Cyber-defense.fr: Le préfixe "cyber" apparaît 10 fois plus souvent dans le nouveau LBDSN de 2013 comparé à celui de 2008, on ne peut nier le sursaut dans la prise de conscience des pouvoirs publics pour cette thématique. Toutefois, si l'on compare les moyens français avec ceux de puissances comparables à la France (UK, Allemagne), il y a encore un effort important à faire.

Les agences de l’Etat, comme l’ANSSI, doivent-elles fixer une ligne de conduite spécifique, en matière de cybersécurité, aux entreprises du secteur privé, qui se positionnent sur des secteurs clefs relevant de l’intérêt national ?

Cyber-defense.fr: Clairement, oui. Pour les opérateurs d'infrastructures critiques il faut définir un cadre et des normes claires, pour les autres entreprises, les répercussions étant moins évidentes, il apparaît suffisant de fournir des recommandations. Mais au-delà de l'Etat, c'est même l'union européenne qui va nous imposer demain cette « hygiène informatique élémentaire »  que prônait l'ancien patron de l'ANSSI P. Pailloux. Une directive de l'UE relative à la sécurité des réseaux et de l'information est en préparation (le texte de l'UE est disponible ici http://ec.europa.eu/digital-agenda/en/news/eu-cybersecurity-plan-protect-open-internet-and-online-freedom-and-opportunity-cyber-security).

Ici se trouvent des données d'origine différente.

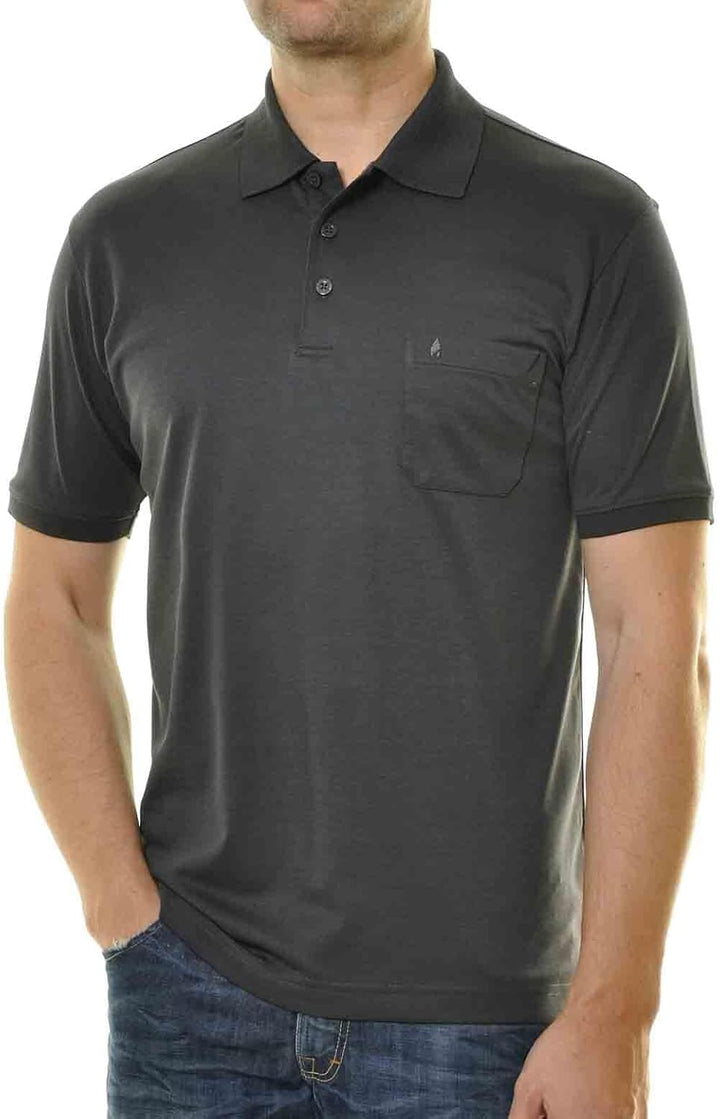 RAGMAN Herren Softknit-Polo mit Brusttasche, Kurzarm M Anthrazit-019, M Anthrazit-019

Est-il nécessaire de créer des « cloud souverains » afin de préserver des données qui sont sujet aux risques d’atteinte à la confidentialité lorsqu’elles ont un caractère sensible ?

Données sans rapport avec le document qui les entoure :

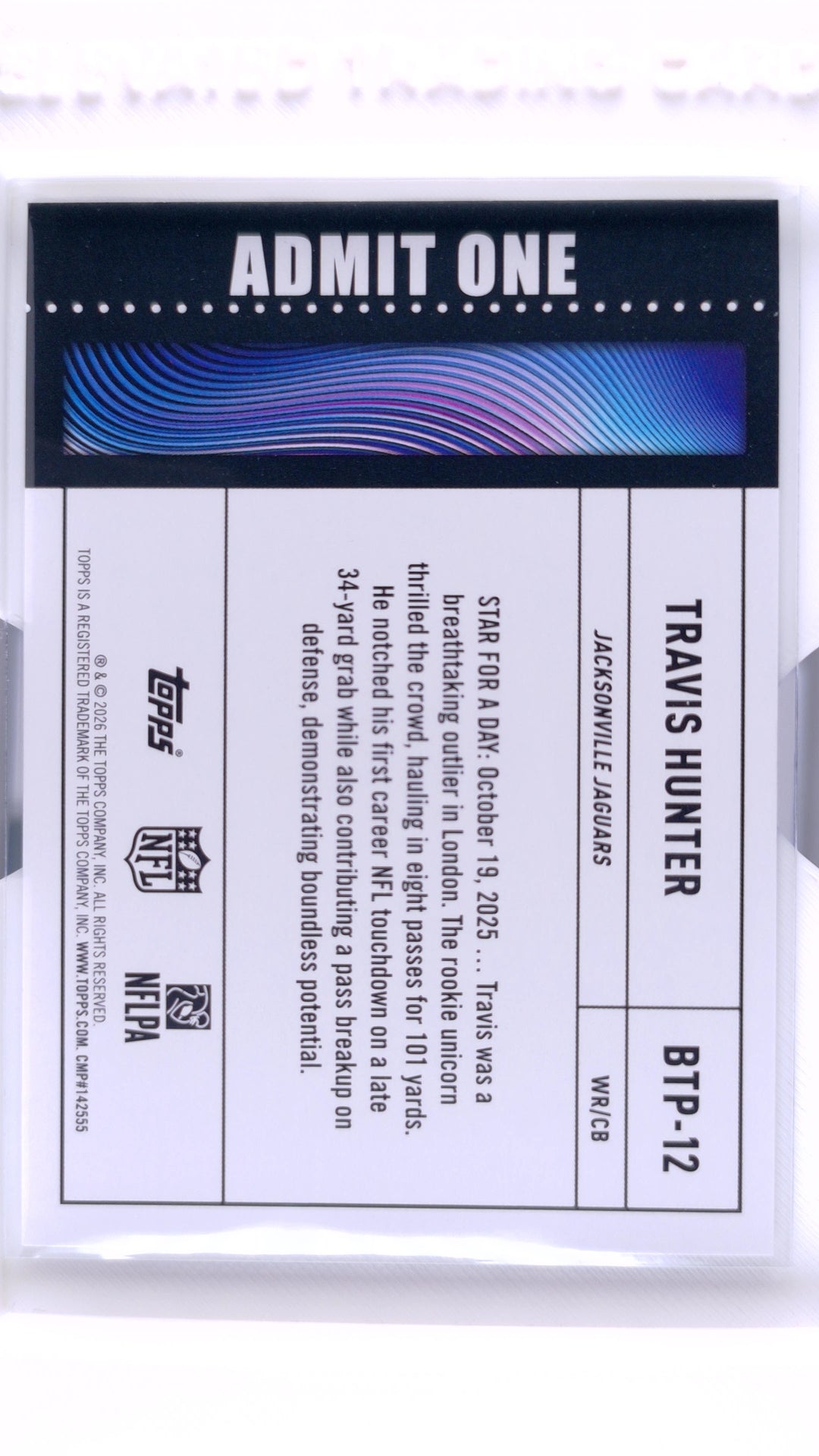 #BTP-12 Travis Hunter Big Ticket Players - back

Cyber-defense.fr: Les pouvoirs publics (et de nombreux acteurs privés: Iliad, OVH...) n'ont pas attendu cette proposition pour élaborer des 'datacenter' de qualité. Selon nous le « Cloud souverain » est un concept très flou, inutile aux entités détenant des informations confidentielles qui maîtrisent déjà très bien les processus pour stocker leurs données. Comme certaines affaires l'ont montré, le maillon faible dans le stockage de données confidentielles n'est pas la solution technique, mais le facteur humain : Snowden, Manning ...

Peut-on imaginer, en cyberstratégie, une analogie avec la dissuasion nucléaire, et ainsi la création d’une cyberdissuasion ?

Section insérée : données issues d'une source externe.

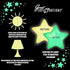 Glowing Wonder Stars diagram showing stars activated by indoor light — Adventure Awaits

Cyber-defense.fr: la dissuasion repose sur la crédibilité d'actions de représailles et sur la possibilité d'attribution. Pour le premier aspect, tant qu'il n'y aura pas un « cyber Hiroshima », la menace cyber restera peu crédible face à des représailles classiques. D'autre part la certitude d'attribution (bien que prétendument maîtrisée par les US) n'est pas acquise. Par conséquent l'analogie avec la dissuasion nucléaire reste un concept selon nous très limité.

Dans ce cas-là, le futur de la cybersécurité passe-t-il par le développement de cyberarmes ?

Cyber-defense.fr: Ne dit-on pas que la meilleure défense, c'est l'attaque ? En termes techniques, dans la sphère cyber, il faut avoir un très haut niveau de compétence dans les différentes attaques pour pouvoir les parer. A cet égard, rares sont les spécialistes du domaine qui n'ont pas d'abord une expérience de hacker (« black » ou « grey » hat!) ou qui s’adonnent à ce qu'il est commun d’appeler du pentesting (test de pénétration). Dès lors les pays et structures qui ont une connaissance avancée dans le domaine de l'offensive sont certainement mieux préparés pour empêcher ou contrer une attaque et donc assurer leur sécurité.

Si l’on part du postulat que le cyberespace est un nouvel espace géographique, au sein duquel s’appliqueraient des règles spécifiques, comme pour d’autres espaces, le droit de l’espace, le droit aérien, ou encore le droit de la mer: peut-on dès lors imaginer que des traités internationaux, ou régionaux, fassent leur apparition avec pour objet spécifique, la cybersécurité ou la cyberdéfense ? Peut-on espérer un droit du cyberespace ?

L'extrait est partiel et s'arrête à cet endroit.